Hepatocellular carcinoma (HCC) — primary liver cancer, developing predominantly on a cirrhotic background. Risk is especially high with hepatitis B and C. HCC screening — liver ultrasound every 6 months with alpha-fetoprotein — is recommended for all patients with cirrhosis.

A critical point: even at F3–F4 fibrosis (cirrhosis), treating the underlying cause of hepatitis reduces the risk of HCC and decompensation. This means it is never too late to start — but earlier is always better.

When to See a Doctor Urgently

Most chronic hepatitis situations are managed electively. However, several presentations require emergency assessment:

• Sudden worsening of jaundice — a rapid increase in jaundice in known chronic hepatitis may indicate acute decompensation or superinfection with another hepatotropic virus
• Rapidly increasing abdominal girth — new or rapidly expanding ascites; risk of spontaneous bacterial peritonitis
• Bloody vomiting or black tarry stools — variceal bleeding from oesophageal or gastric varices; immediately life-threatening
• Confusion or disorientation — a sign of hepatic encephalopathy
• ALT or AST above 10 times the upper limit of normal on a routine test — even without symptoms, requires prompt clinical review

On an elective basis: any incidentally discovered elevation of liver enzymes, the presence of risk factors (history of viral hepatitis, alcohol overuse, obesity, diabetes, long-term hepatotoxic medications), or a family history of liver disease.

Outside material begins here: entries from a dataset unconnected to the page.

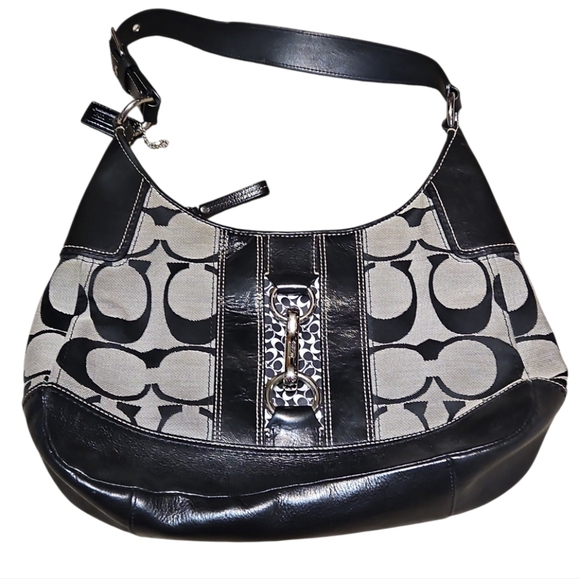 Coach Handbags - Vintage Coach Signature Hampton Hobo Bag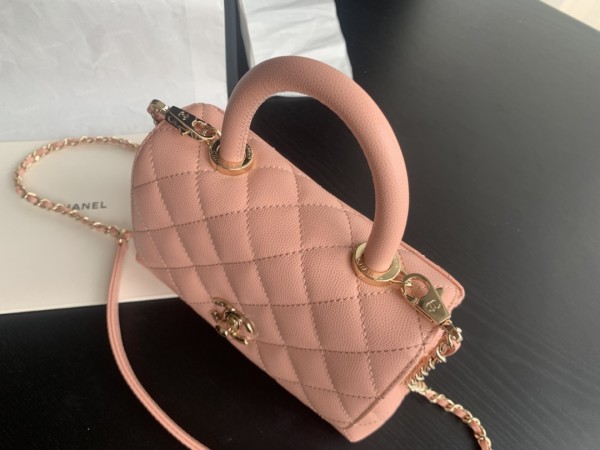  Handbag  Chanel 2215 size 19 cm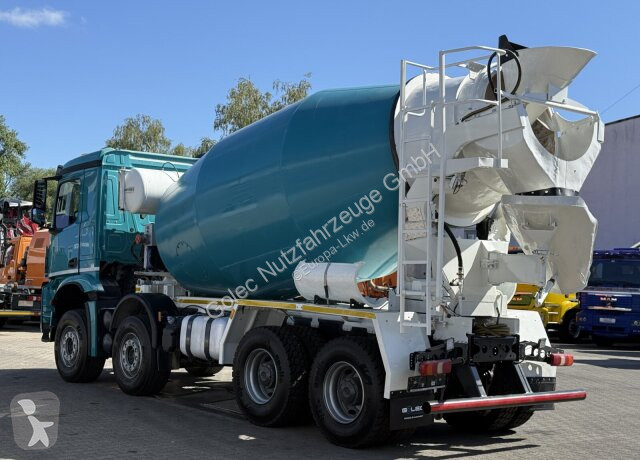 Camion Mercedes AROCS 3742 8x4 Betonmischer...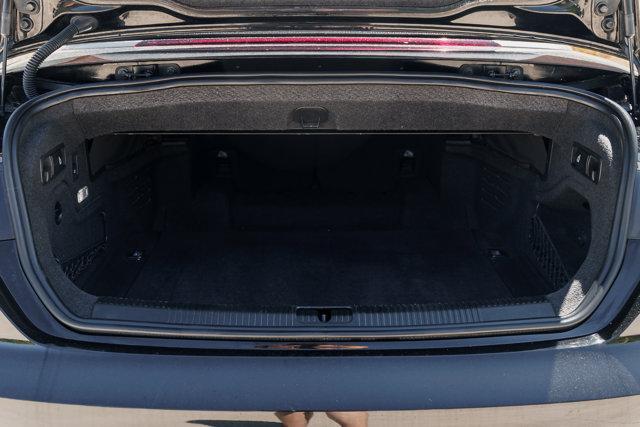 Photo of 2022 Brilliant Black/Black Roof Audi A5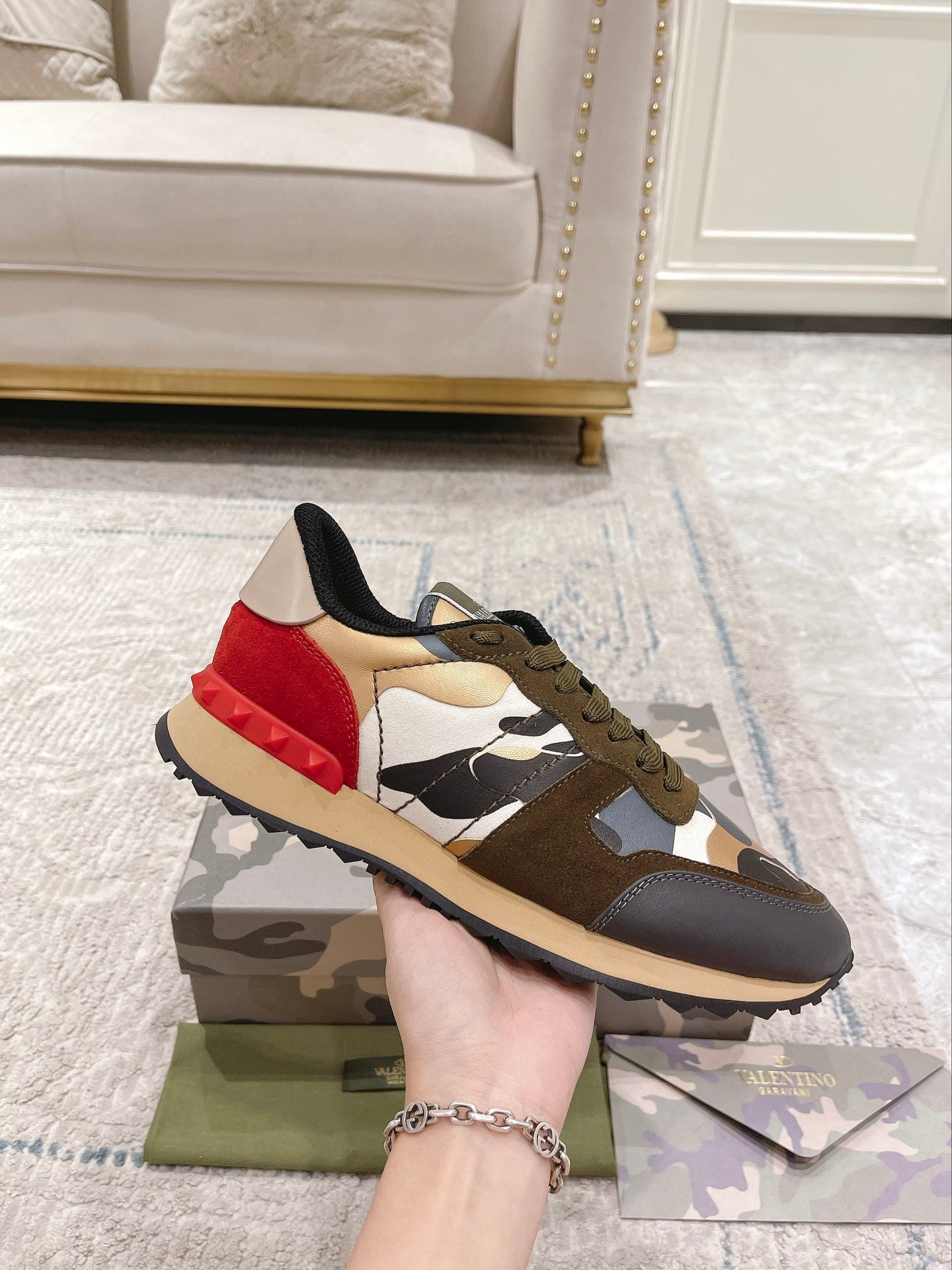 LuxluxHouse Best Quality Shoes Valentino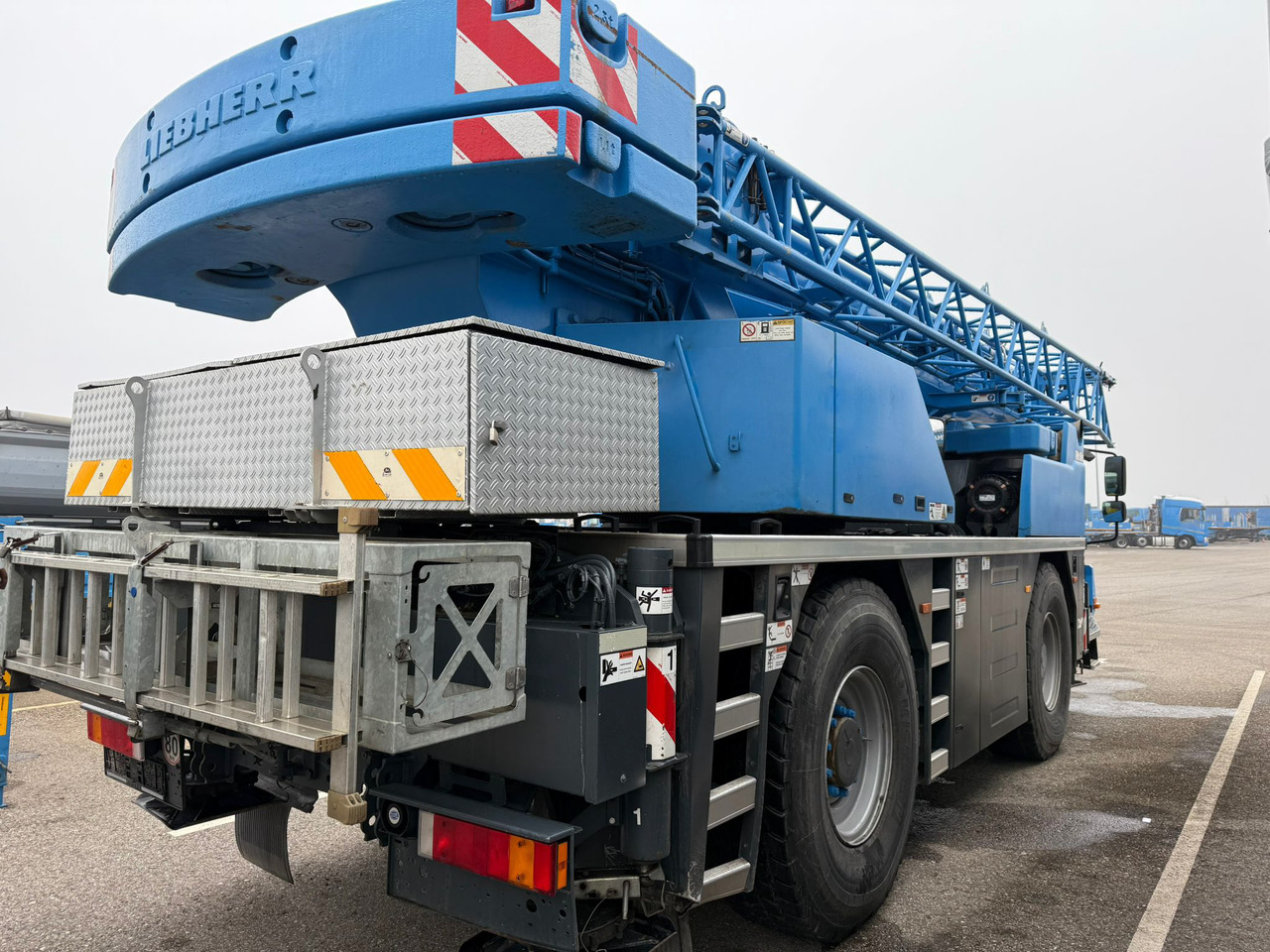 LIEBHERR LTM 1030-2.1 - 모바일 크레인 : 사진 3 LIEBHERR LTM 1030-2.1 - 모바일 크레인 : 사진 3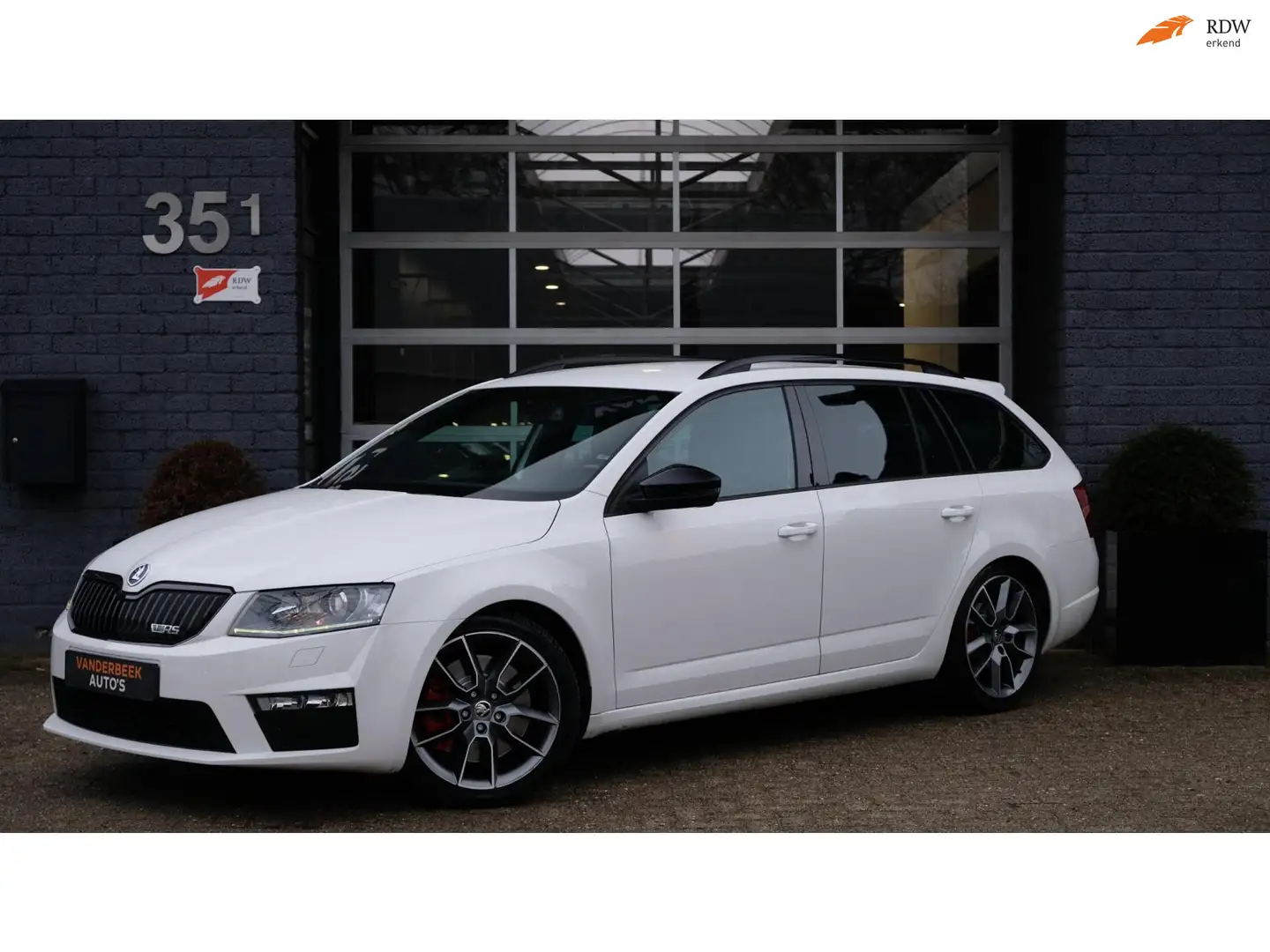 Skoda Octavia Combi 2.0 TSI RS 220PK Cruise|Carplay|Leder|Trekha Weiß - 1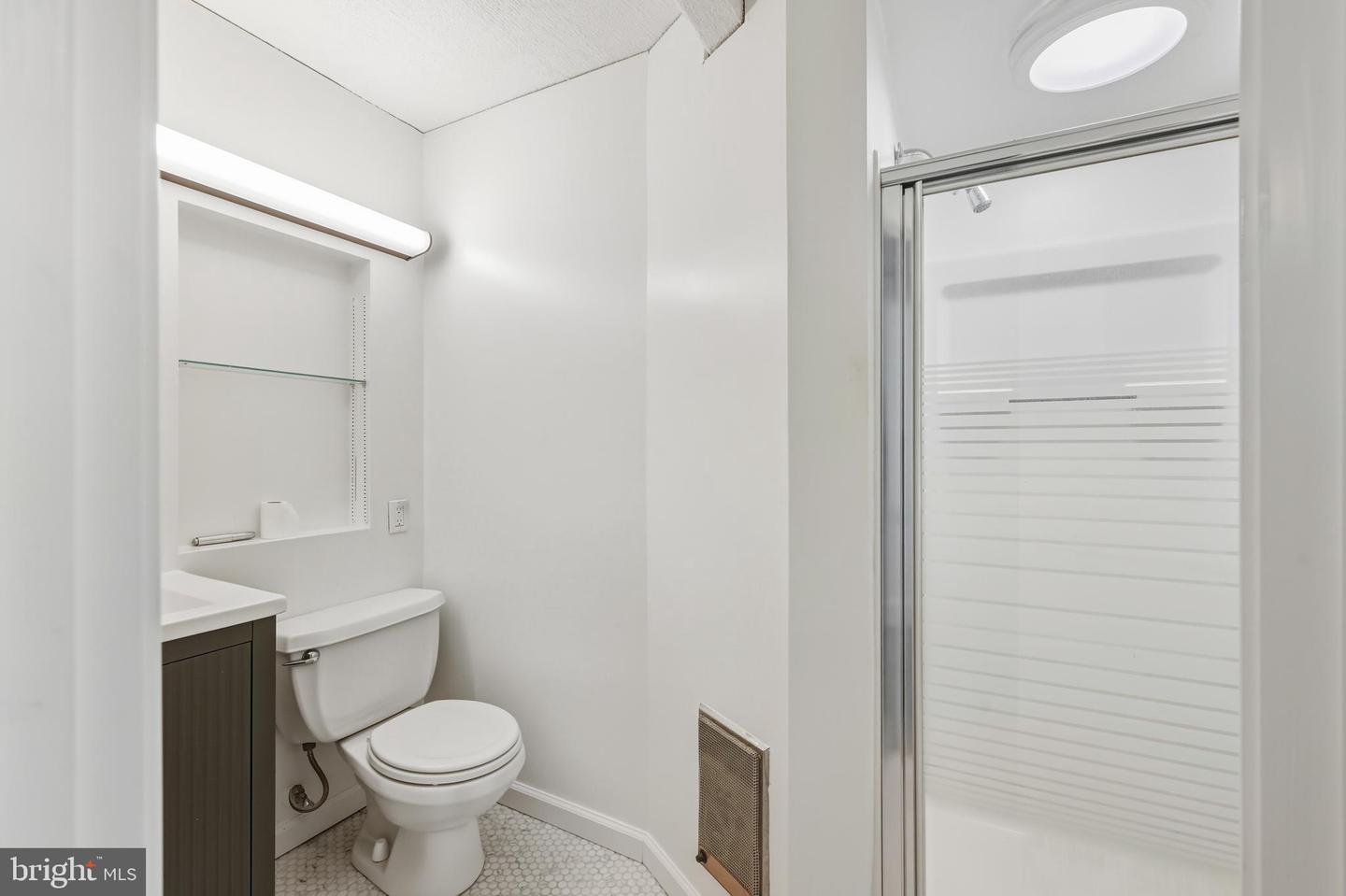 4432 Q ST NW, WASHINGTON, District Of Columbia 20007, 6 Bedrooms Bedrooms, ,4 BathroomsBathrooms,Residential,For sale,4432 Q ST NW,DCDC2213394 MLS # DCDC2213394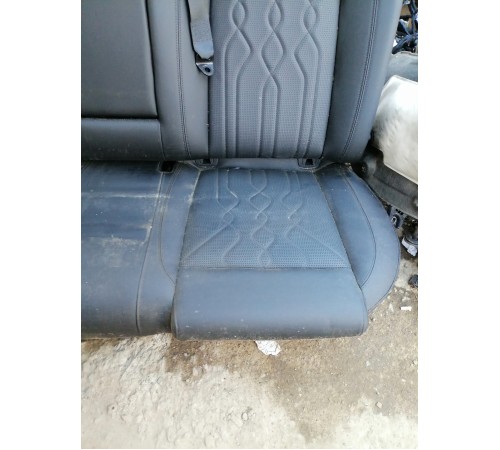 Задний ряд сидений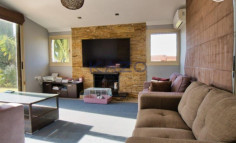 Spacious Moni home with pool on large plot 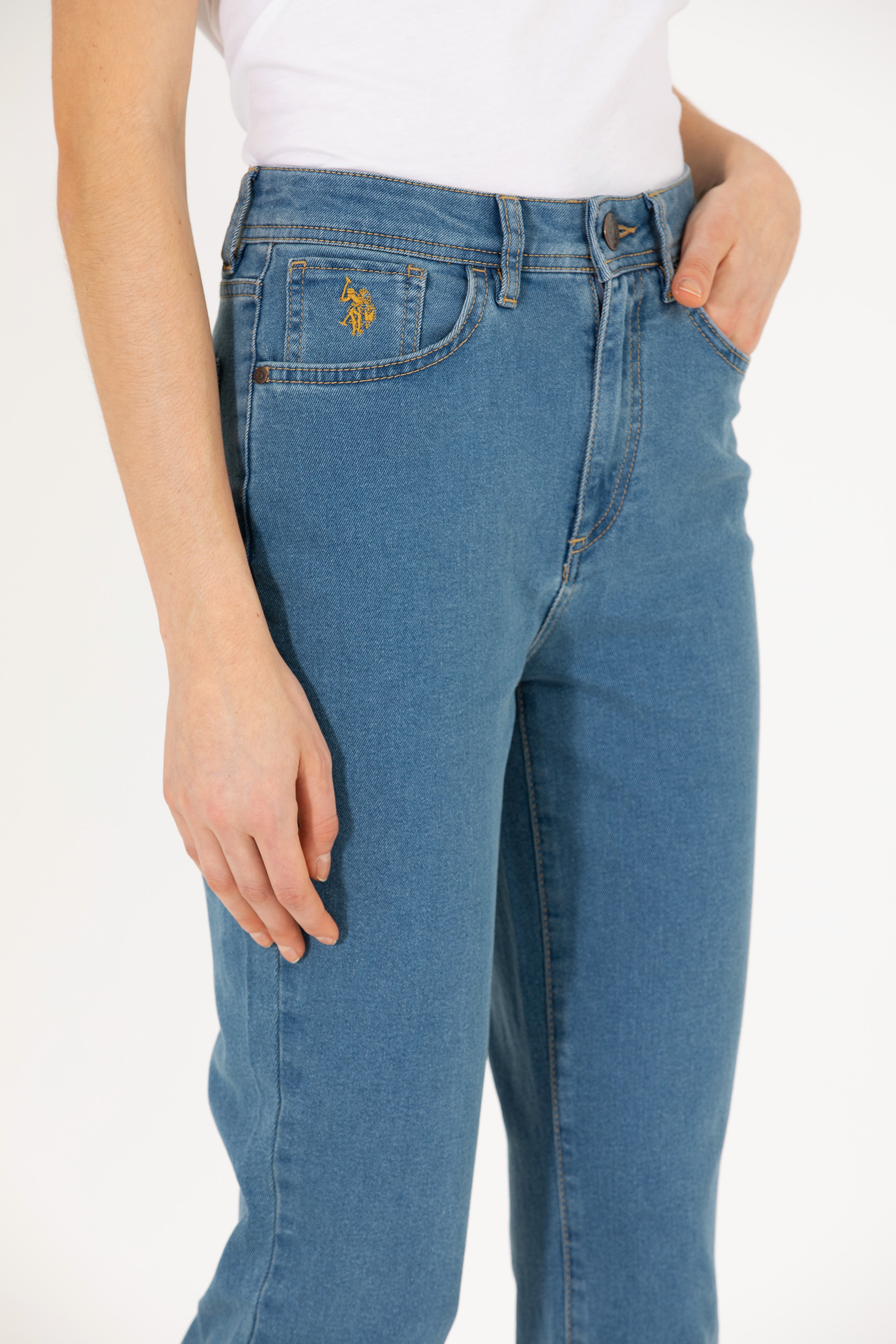 Kadın Mavi Mom Fit Jean Pantolon - Image 6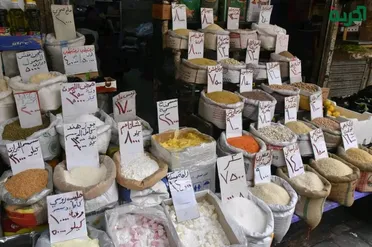 اقتصاديون: زيادة الرواتب بلا إصلاحات نقدية ستكون بلا جدوى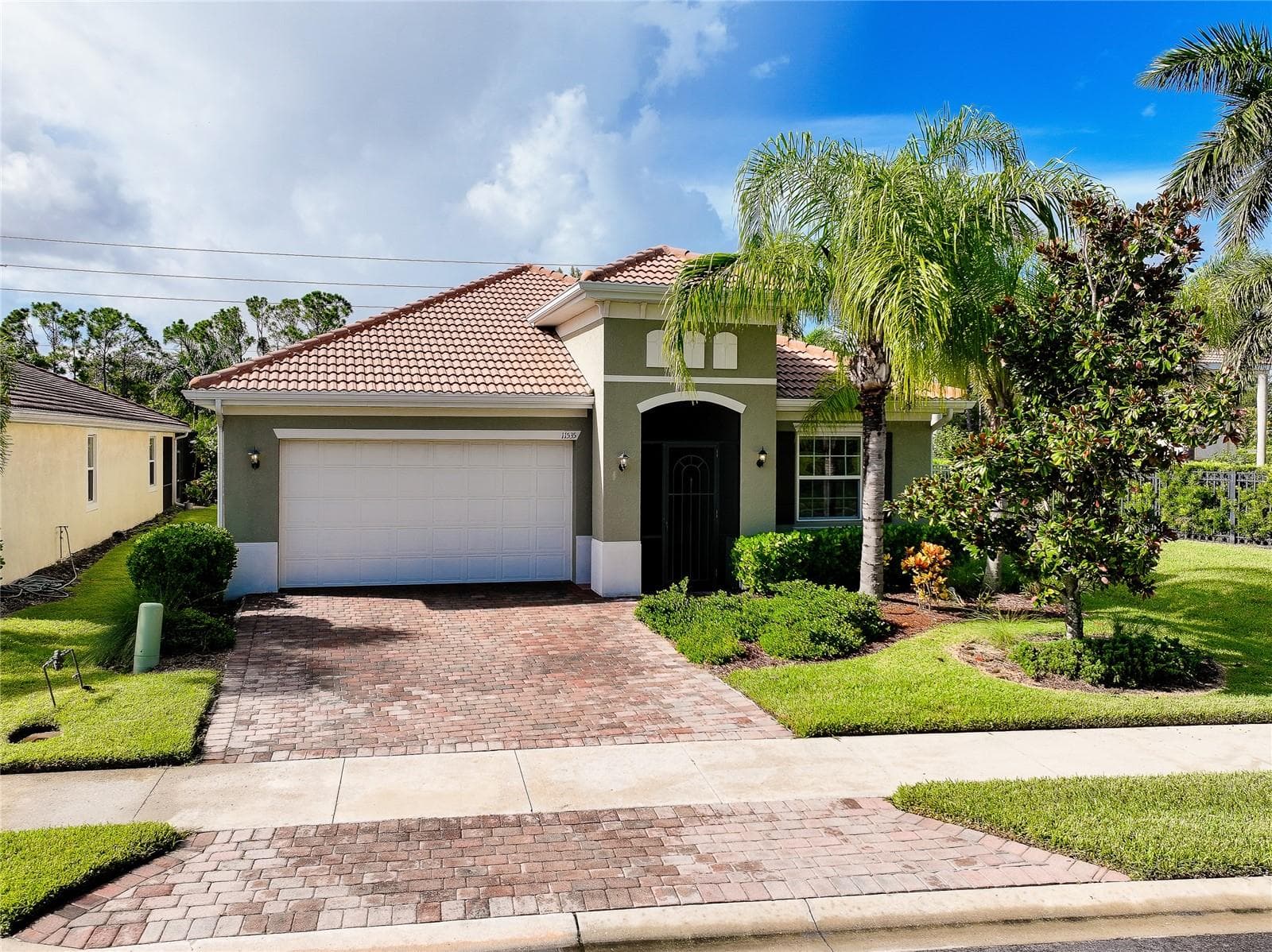 Single Family Residence at 11535 BLACKFIN ST, VENICE, photo 8 of 89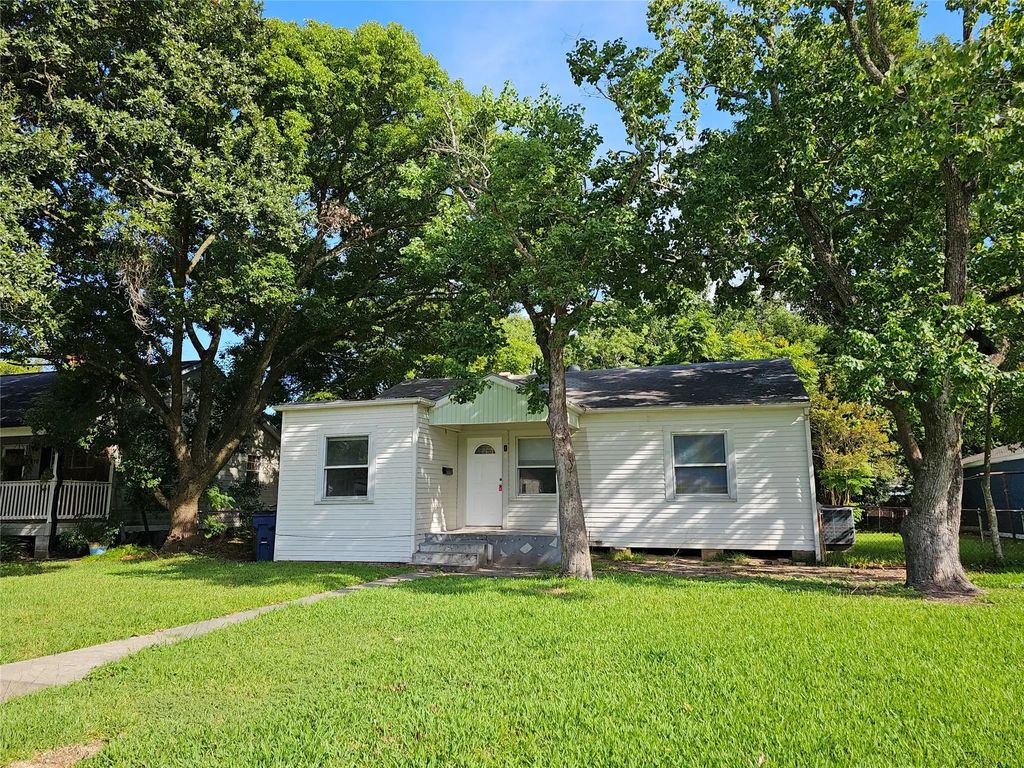 806 17th Avenue N, Texas City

Chronic hepatitis is a disease that can in most cases be halted. Early detection and appropriately targeted treatment preserve liver function and prevent cirrhosis. The liver is forgiving — but only when given the opportunity in time.

This article is for informational purposes only. Diagnosis and treatment are the responsibility of a gastroenterologist or hepatologist.